SUPPLIED DATA:
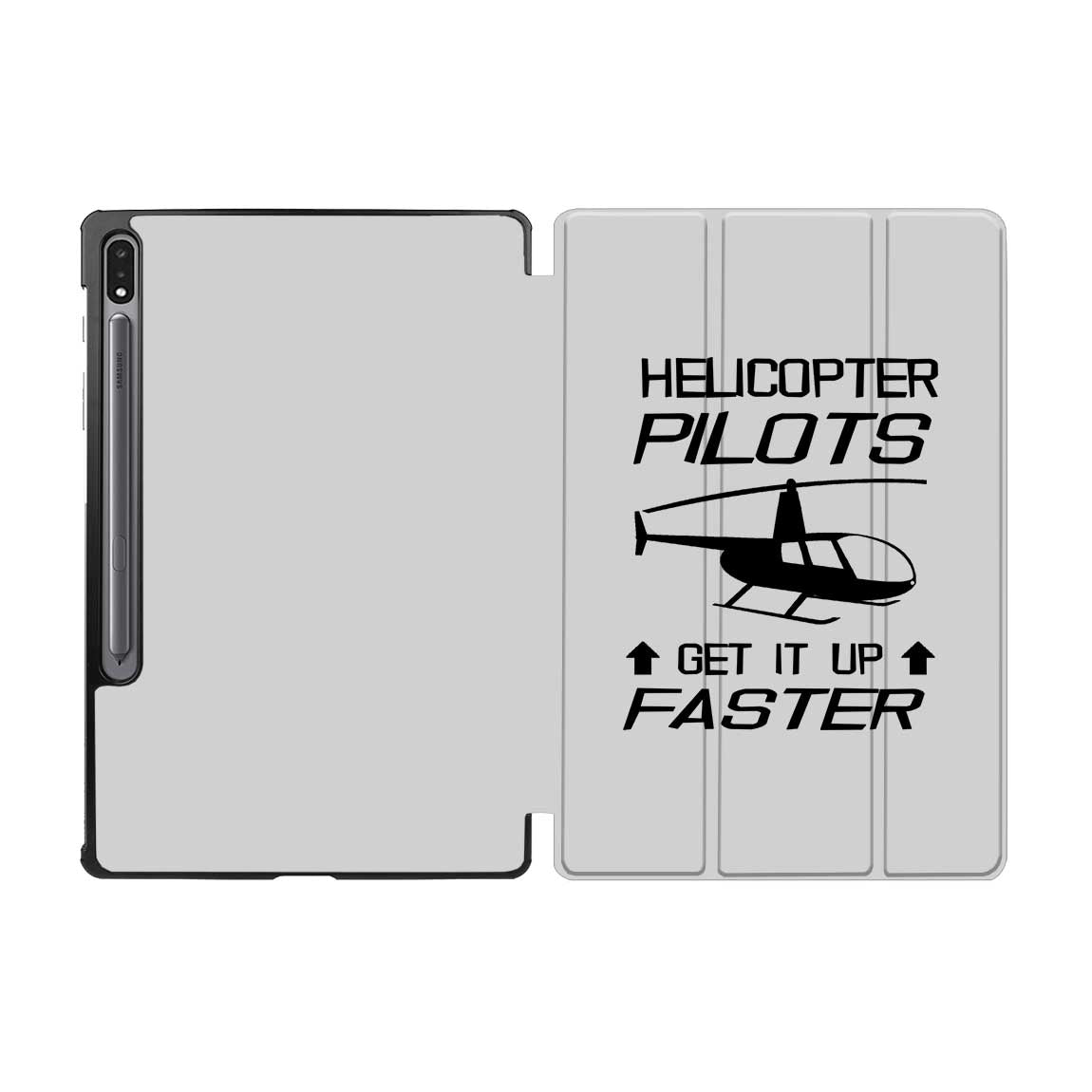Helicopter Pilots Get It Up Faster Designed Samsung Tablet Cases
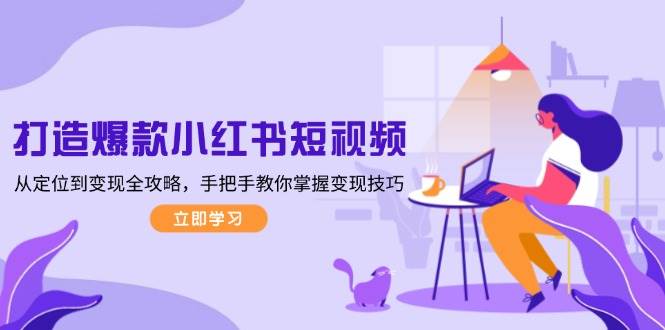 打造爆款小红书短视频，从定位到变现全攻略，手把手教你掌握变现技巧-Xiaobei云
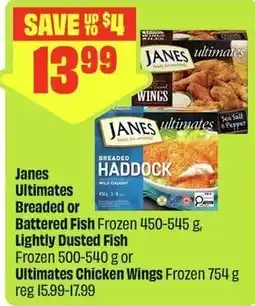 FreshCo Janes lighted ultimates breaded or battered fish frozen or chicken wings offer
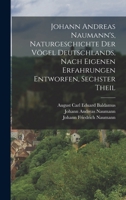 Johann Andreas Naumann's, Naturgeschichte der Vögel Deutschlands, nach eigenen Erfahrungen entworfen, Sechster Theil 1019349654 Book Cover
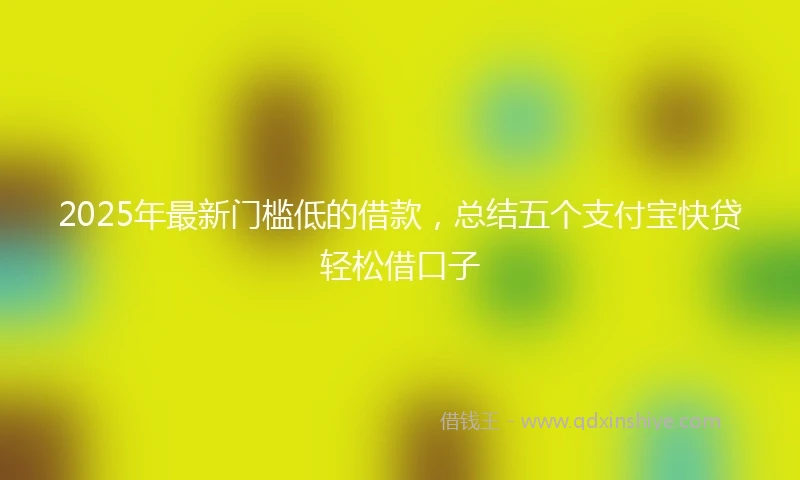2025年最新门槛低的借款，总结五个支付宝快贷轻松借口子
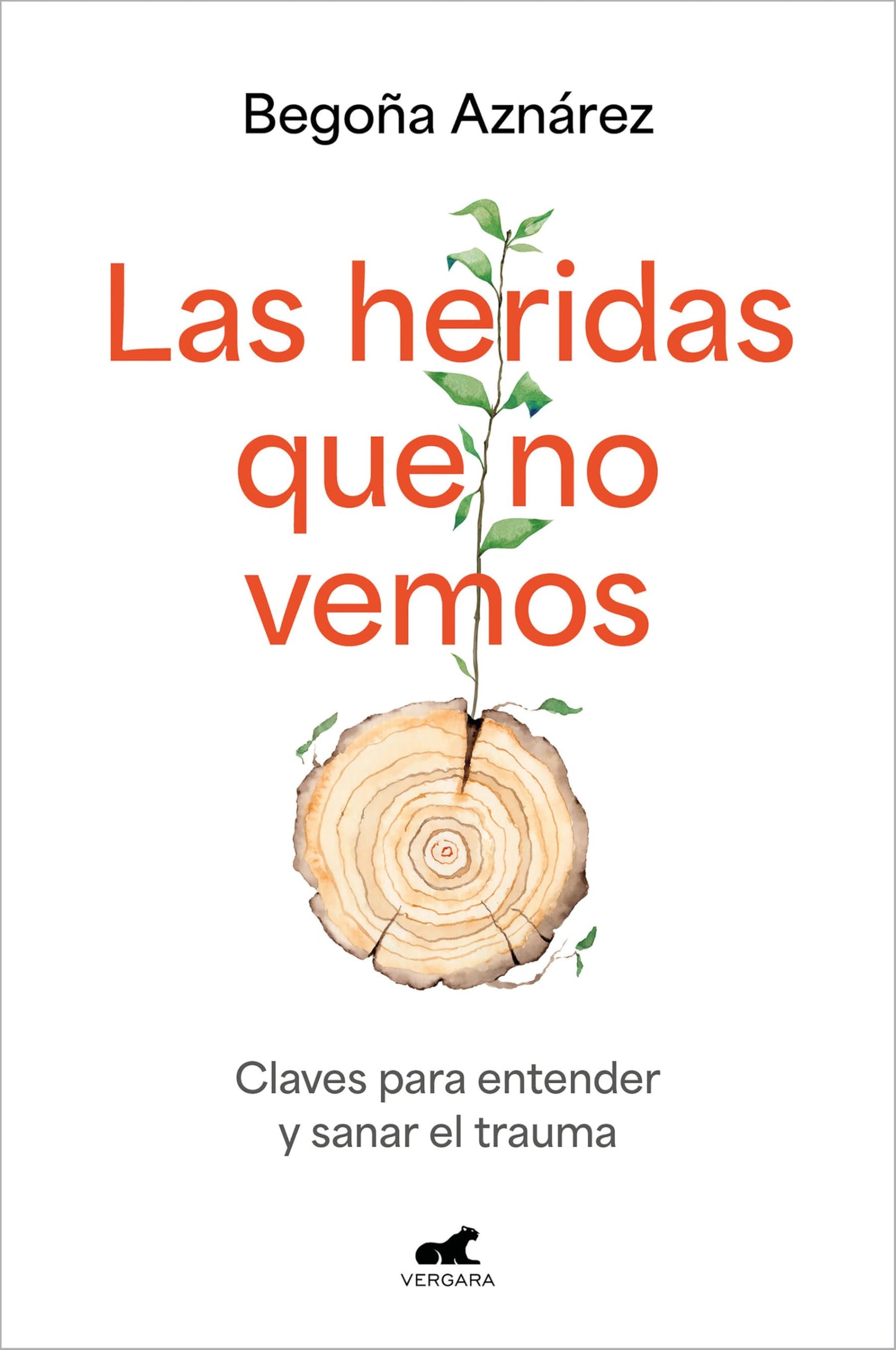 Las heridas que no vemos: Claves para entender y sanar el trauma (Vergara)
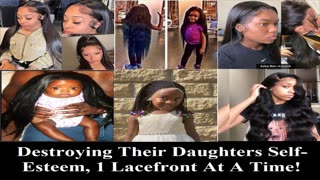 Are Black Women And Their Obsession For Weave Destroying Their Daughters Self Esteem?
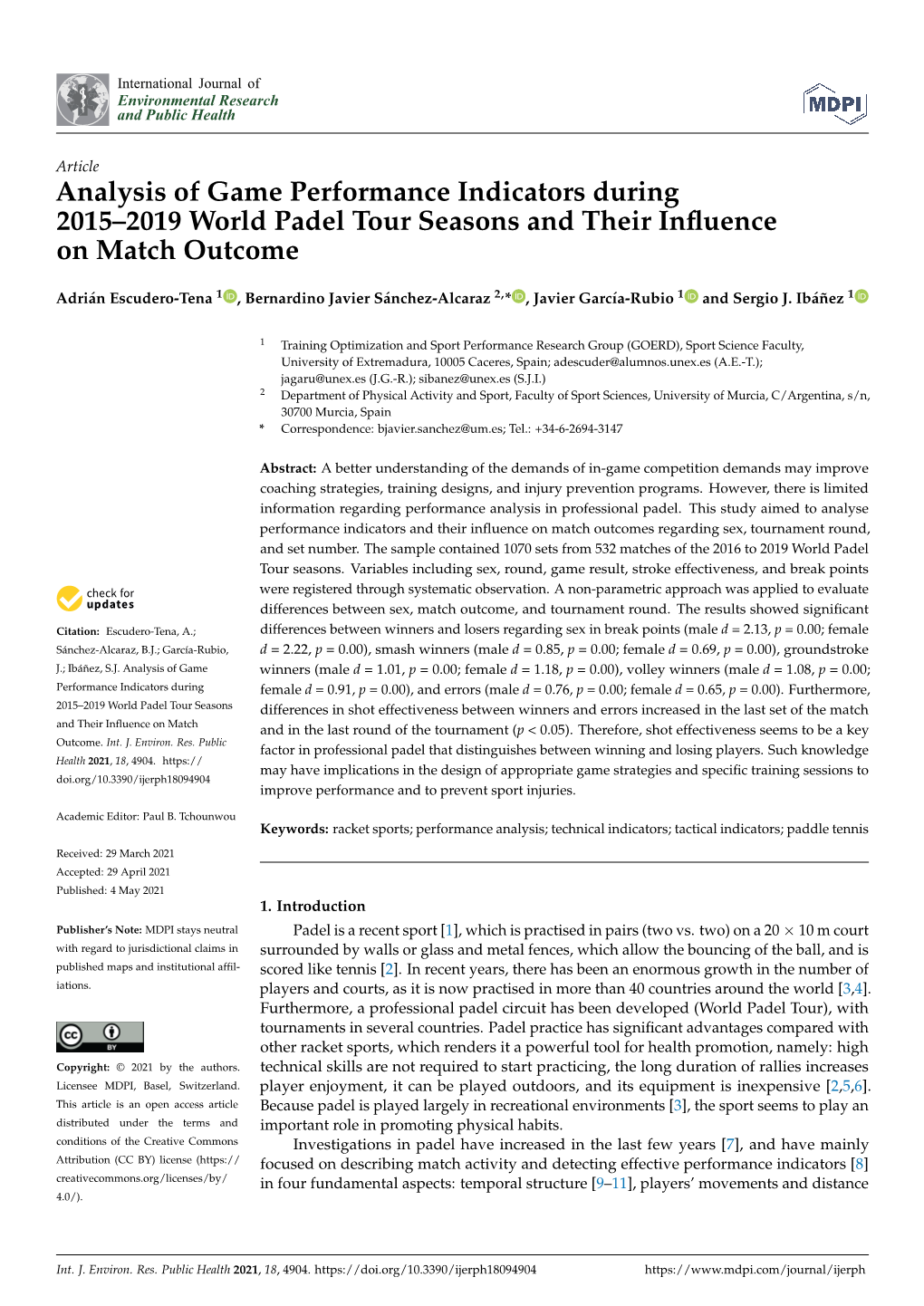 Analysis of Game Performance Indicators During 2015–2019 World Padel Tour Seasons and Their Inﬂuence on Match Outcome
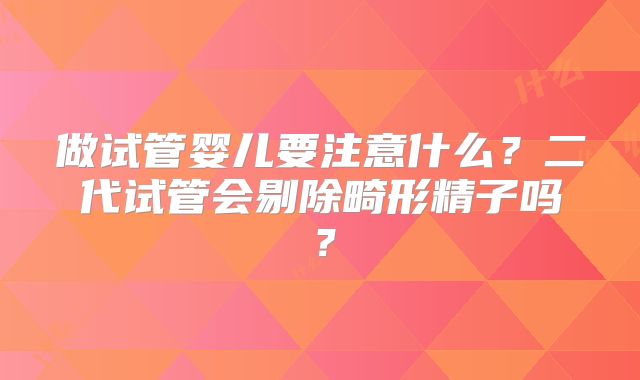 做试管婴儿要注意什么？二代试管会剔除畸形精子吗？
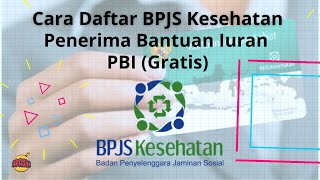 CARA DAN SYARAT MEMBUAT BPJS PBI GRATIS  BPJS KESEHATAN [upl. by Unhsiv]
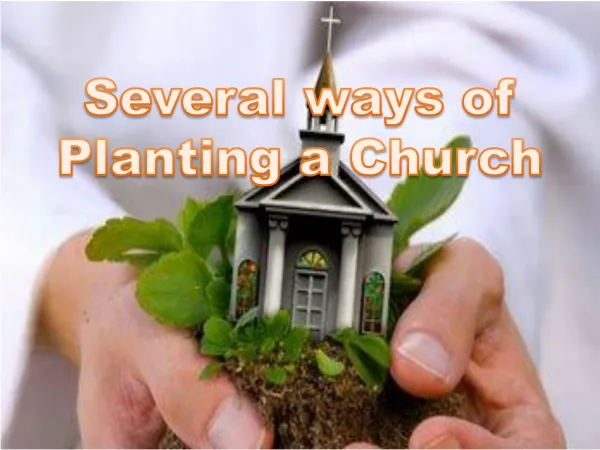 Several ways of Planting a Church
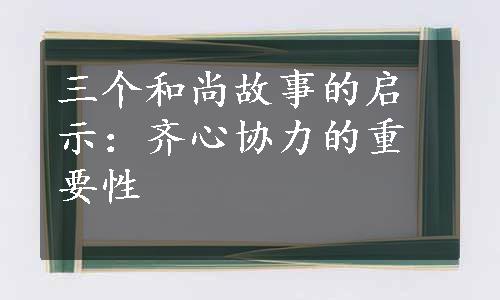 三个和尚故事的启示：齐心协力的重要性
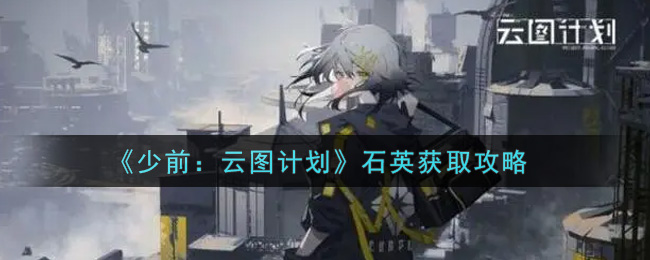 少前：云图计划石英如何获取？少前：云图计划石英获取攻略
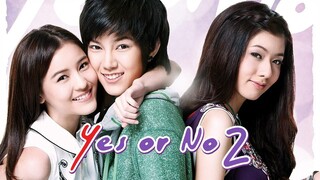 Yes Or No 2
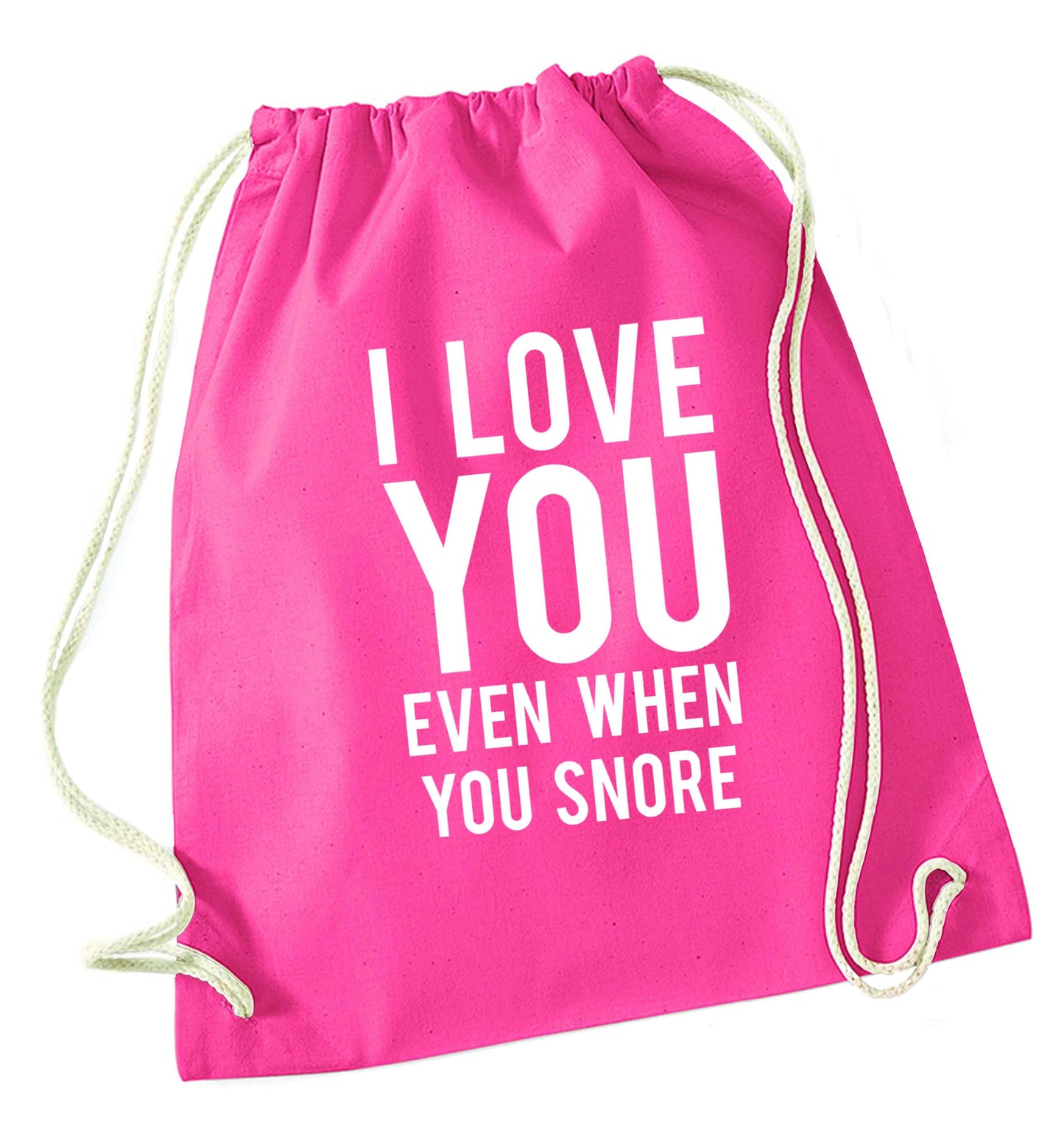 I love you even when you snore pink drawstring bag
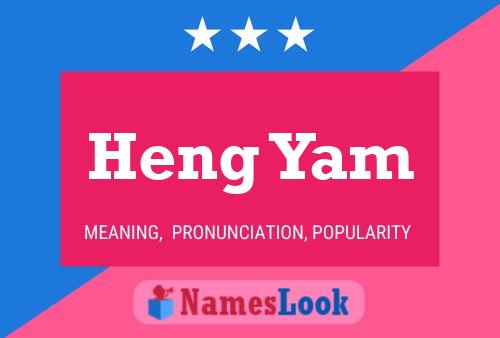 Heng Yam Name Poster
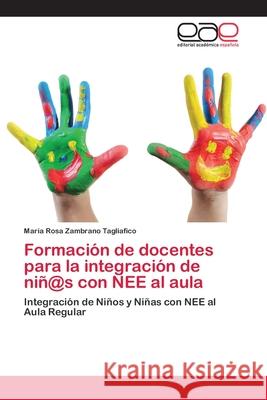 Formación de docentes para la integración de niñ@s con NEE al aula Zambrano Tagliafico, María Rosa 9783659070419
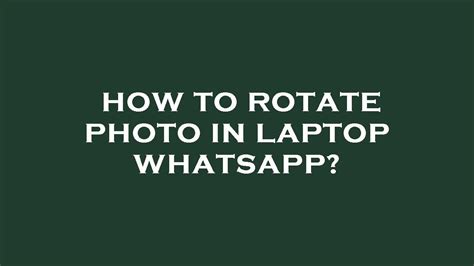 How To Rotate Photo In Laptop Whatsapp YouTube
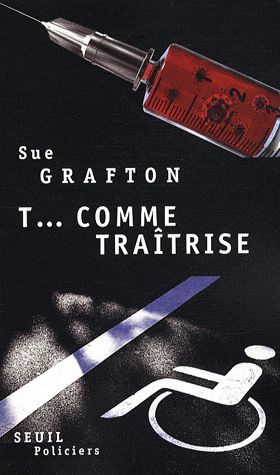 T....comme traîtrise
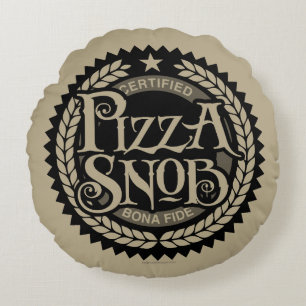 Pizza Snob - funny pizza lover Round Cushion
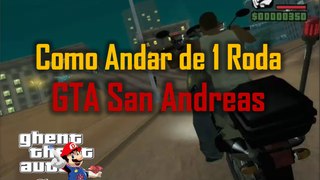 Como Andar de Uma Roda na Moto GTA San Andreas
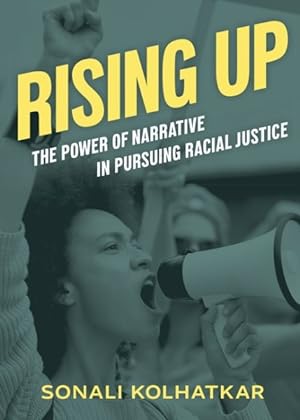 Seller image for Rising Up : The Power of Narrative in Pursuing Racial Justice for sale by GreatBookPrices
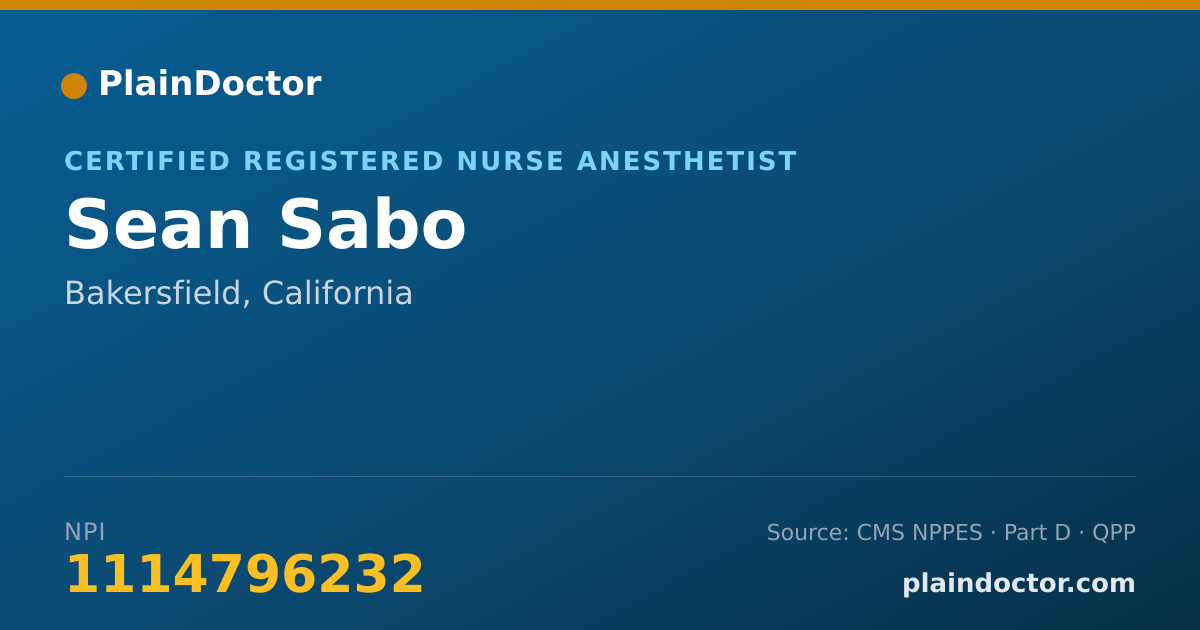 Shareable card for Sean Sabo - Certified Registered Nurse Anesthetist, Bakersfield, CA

WHAT THE TASK ASKS:
Do not include pictures. Copy only the lines running from the line with "I love you even" through the last line of the records, exactly as they appear.

RESULT BELOW:
 I love you even when you snore pink drawstring bag
 Heng Yam Name Poster
 Formación de docentes para la integración de niñ@s con NEE al aula Zambrano Tagliafico, María Rosa 9783659070419
 How To Rotate Photo In Laptop Whatsapp YouTube
 T....comme traîtrise
 Pizza Snob - funny pizza lover Round Cushion
 Como Andar de Uma Roda na Moto GTA San Andreas
 Seller image for Rising Up : The Power of Narrative in Pursuing Racial Justice for sale by GreatBookPrices
 Shareable card for Sean Sabo - Certified Registered Nurse Anesthetist, Bakersfield, CA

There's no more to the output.